Live With Chris Moyles was the TV equivalent of a Burger King - distracting while you're consuming it but leaving no lasting impression

Live With Chris Moyles - or TFI Only Half an Hour - is tabloid television. This isn't a value judgement, simply a statement of fact. Its scamper through the day's news focused firmly on the Daily Star definition of current affairs (the nation's fattest trucker!), its competitions included prizes provided by Travel Inn, and there was even a nipple count. (That they were Moyles's own - and they were bleeding after his 10km run on Sunday - perhaps isn't what you would normally associated with a tabloid, but they were tweakable nevertheless).

All of this sounds jolly fun for what the man-behind-the-camera, Chris Evans, calls the three million disenfranchised young males with nothing to watch but Emmerdale, BBC2 sci-fi and Channel 4 News at 7pm on a weekday night. And he is quite right, the aforementioned males' penchant for flicking off to multichannel television notwithstanding. The show is lairy, loud and laddish; it does exactly what it says on the tin. Prizes by Travel Inn are hardly glamorous but entirely appropriate for the show's target demographic. Who needs room service when you're pissed out of your face on, we can only guess, Carling?

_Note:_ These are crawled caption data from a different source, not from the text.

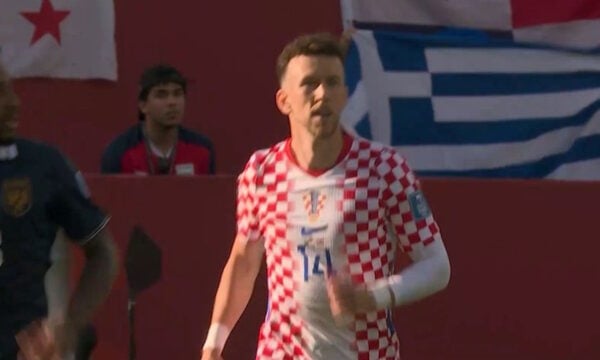 Μουντιάλ 2026: Ελληνική σημαία στον Παναμά – Κροατία, βίντεο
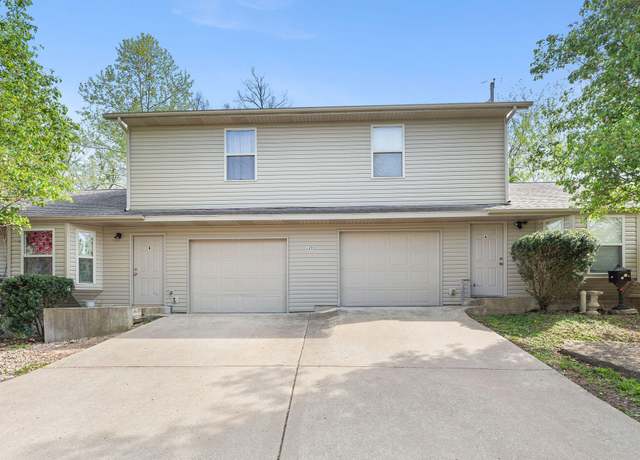 Property at 1293 Hillcrest Pl Unit A&B, Branson, MO 65616, 4 beds, 1 bath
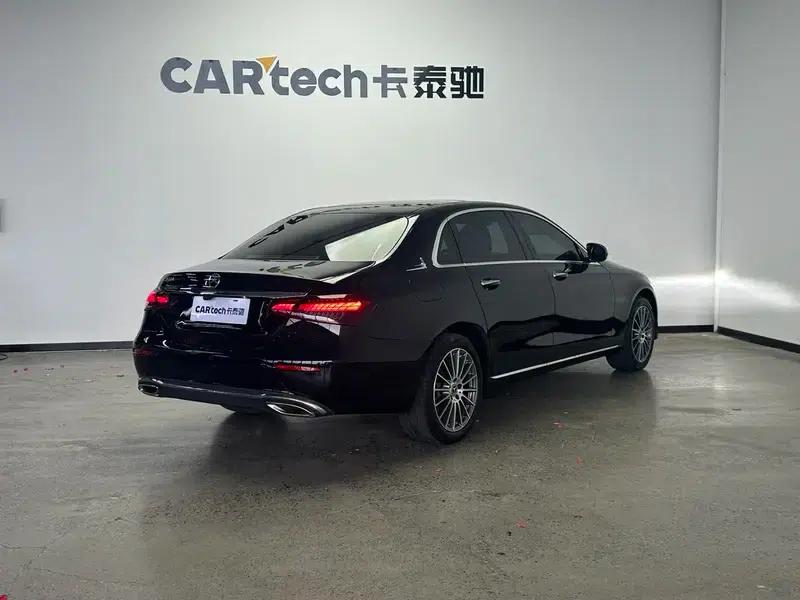 Mercedes-Benz E-Class 2021 Facelift E 260 L Sedan — миниатюра 6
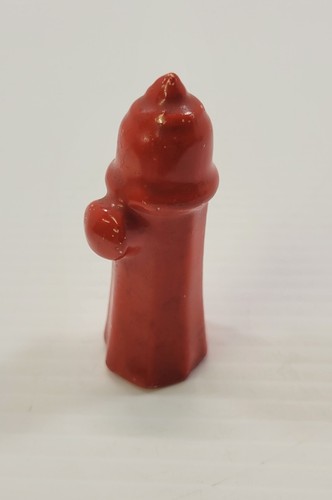 *B4) Vintage Beagle Puppy Dog Fire Hydrant Johnny Pump Porcelain Figurine Set - Picture 12 of 15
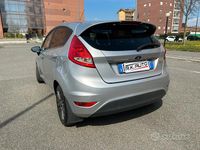 Usata Ford Fiesta Titanium 96 CV (70 kW) 2009 Utilitaria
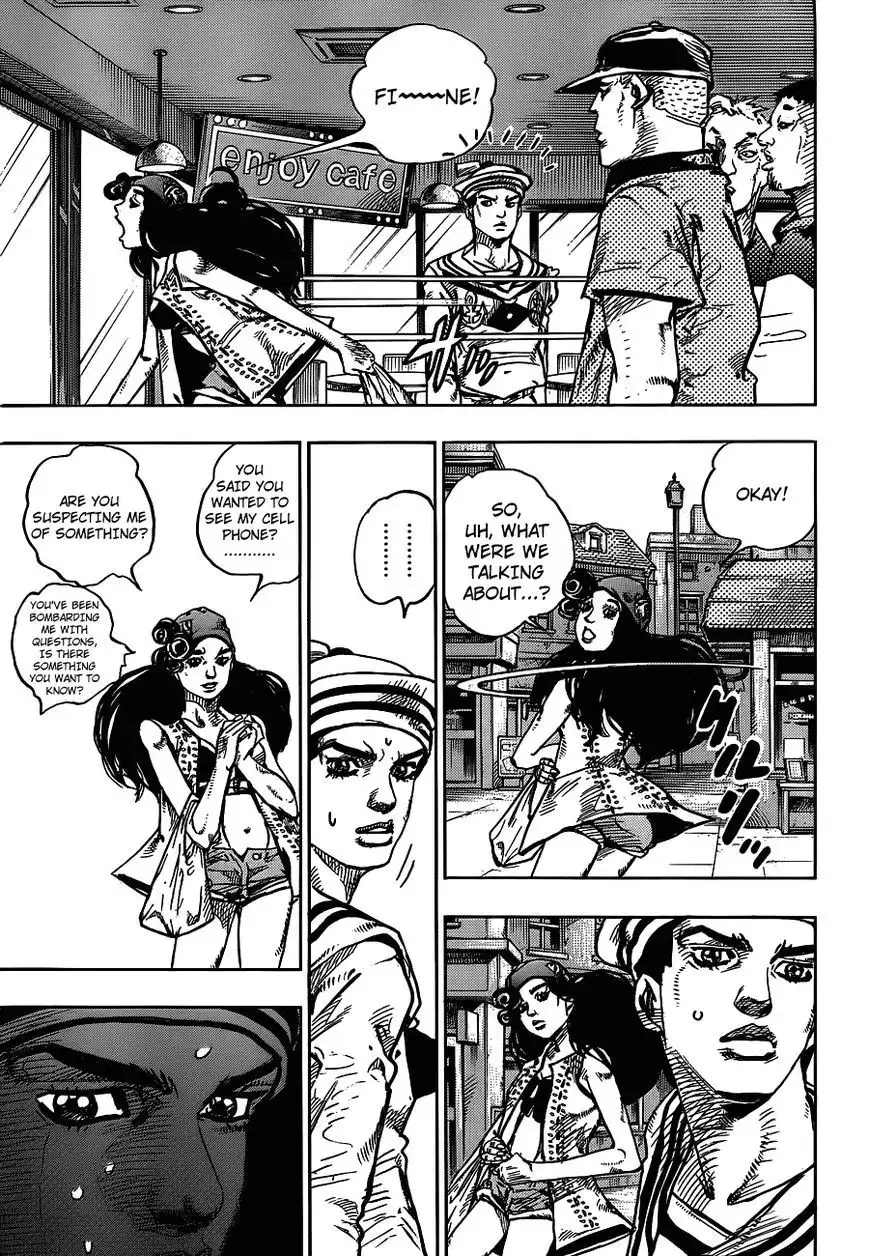 Jojos Bizarre Adventure Part 8 Jojolion Chapter 44 19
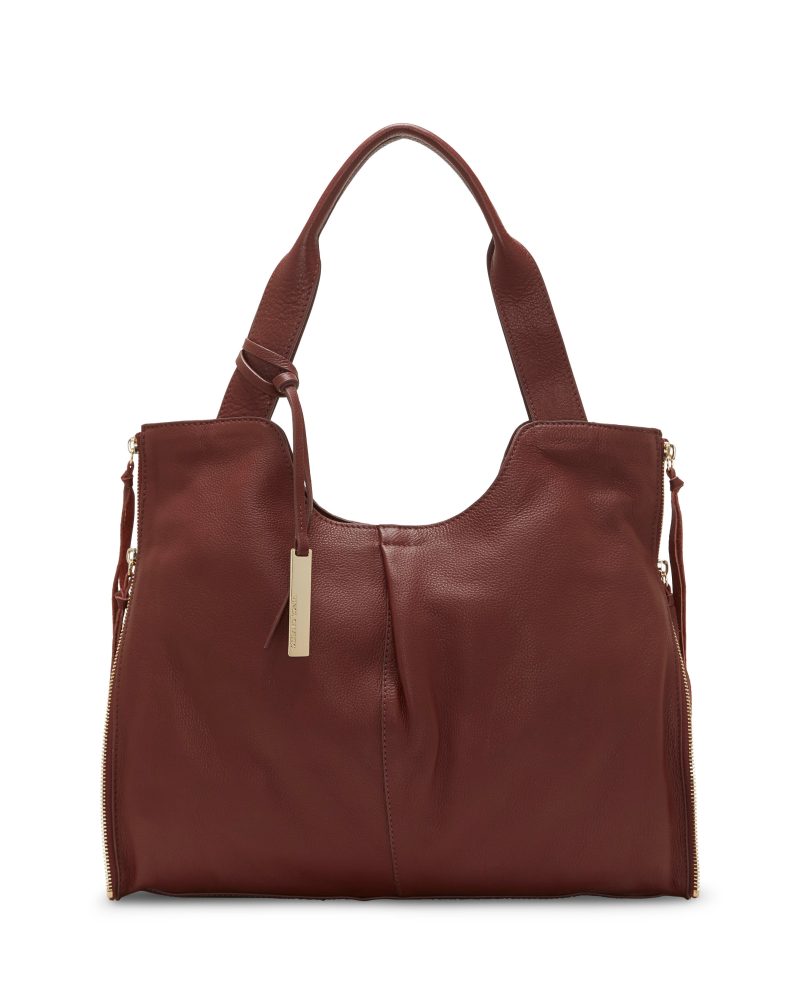 Corla Tote Bag Red - Vince Camuto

But even for these poor underserved blokes, Live With Chris Moyles may be a little thin. (This is ironic, I suppose, but only in an Alanis Morissette kind of way). Channel 5's director of programmes, Kevin Lygo, said we shouldn't expect anything revolutionary from the show and he was right. It isn't even slightly controversial. The swearing that there was - a * at around 7.10pm - came not from Moyles but from a viewer on a phone-in and was followed by much apologising.

The TV equivalent of a Burger King - distracting while you're consuming it but leaving no lasting impression - it entirely depends on Moyles's charms and his ability to interact with the audience (last night: a flock of whinnying student nurses). All but one of the items were disappointingly bland and you suspect that the show's eschewing of celebrity guests may not last long.

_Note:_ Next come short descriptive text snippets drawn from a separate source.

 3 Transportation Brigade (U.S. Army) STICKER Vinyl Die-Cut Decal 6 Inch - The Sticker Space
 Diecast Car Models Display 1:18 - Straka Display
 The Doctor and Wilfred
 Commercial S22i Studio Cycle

As Chris Evans' Maxi-Me, Moyles isn't half-bad and is a whole lot less obnoxious on television than he is on radio. This may only be down to nerves - for there was a whole lot of shaking going on - but long may it continue.

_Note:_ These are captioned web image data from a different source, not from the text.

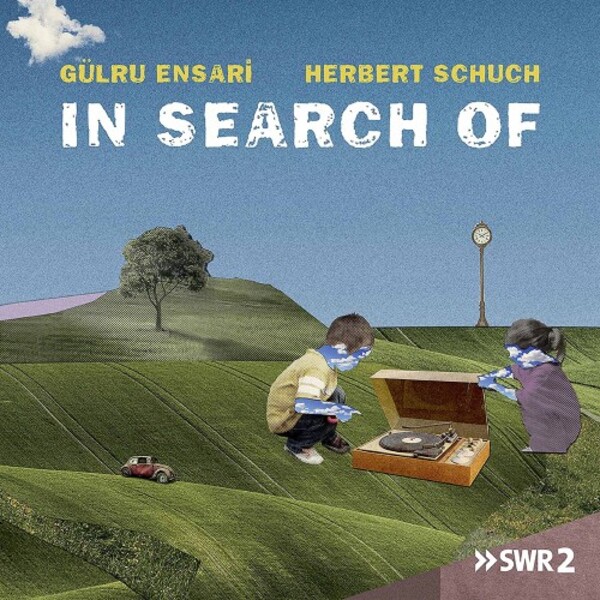 In Search of... (Piano Duets & Piano Duos) | C-AVI AVI8553214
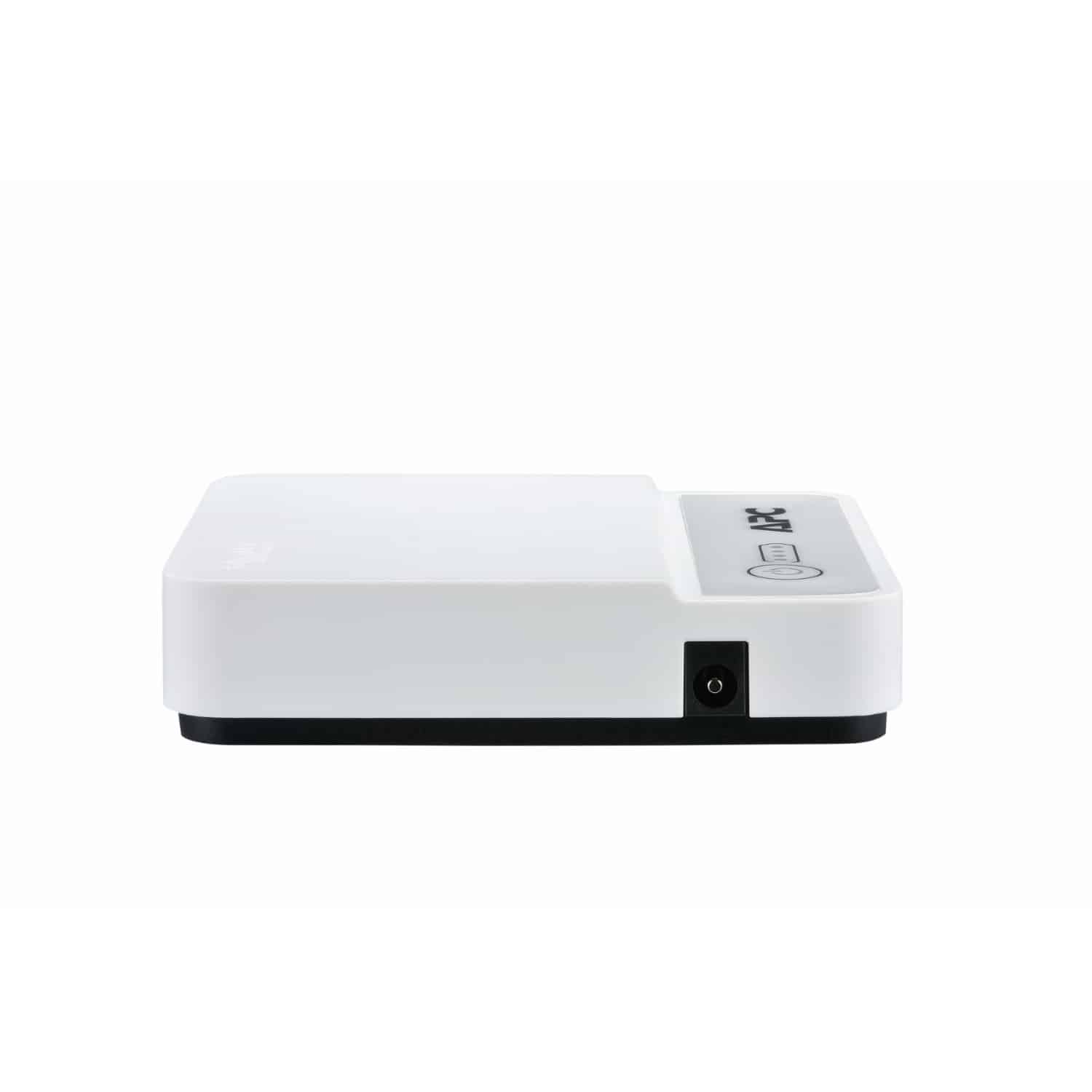 APC mini UPS CP12036LI - Noodstroomvoeding 12Vdc, 36W, Li-ion, bechermt Wifi, Routers, IP cameras, etc - Afbeelding 5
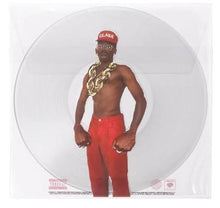 Load image into Gallery viewer, Tyler, The Creator - Don't Tap the Glass (translucent clear vinyl) (LP)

The only moment of brilliance in Live With Chris Moyles was the distinctly Evans-ish game, Push the Pint. A member of the audience has to push a pint along the bar and if it glides onto a letter A, the audience gets an electric shock and if it lands on an M, it's Moyles's turn. Last night the studio audience got the shocks. Now that's what I call interactive television. You could say it was pure genius were it not the wrong brand of booze.